A microworld. The microworld is a well-defined idealization of the domain, with some limited collection of relations and sorts of entities. The microworld is rich enough to capture the important aspects of the problems in the collection.
A representation language. We use a first-order language. The meanings of the symbols in the representation language are grounded in the microworld. The representation language is rich enough to express the facts in the knowledge base and to express specifications of the problems in the collection.
A knowledge base, a formal theory whose meaning is grounded in the microworld and is true in the microworld and that is sufficient to support the inferences needed to solve the problems.
Problem specifications, expressed in the representation language. The answer to each problem can be justified as an inference, given the problem specification and the knowledge base.

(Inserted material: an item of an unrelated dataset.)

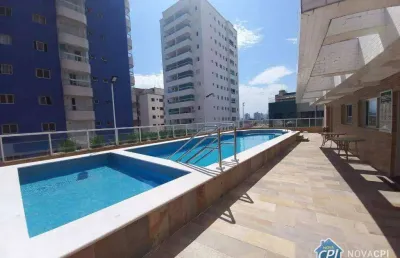 Apartamento com 2 quartos à venda na Rua Carlos Martiniano de Andrade Bitencourt, Aviação, Praia Grande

Figure 4: Knowledge-based analysis
In this paper, unlike [Dav11], we require that the axioms be reasonably easily to state in first-order logic. In particular, in the knowledge-based system described here, we avoid the use of axiom schemas, infinite collections of axioms, such as the principle of induction or the comprehension axiom from set theory. Axiom schemas are certainly problematic in terms of computational efficiency of inference, and perhaps also in terms of cognitive plausibility.
There are also two further desiderata that we try to achieve for the axioms (these two often conflict, so there is a trade-off to be managed). First, symbols should correspond to concepts that seem reasonably natural in a cognitive model. For instance, ClosedContainer seems plausible; HausdorffDistance, used in [Dav11], seems less so. Second, axioms should be stated at a fairly high-level of generality and abstraction, so that each axiom can be used for many different problems.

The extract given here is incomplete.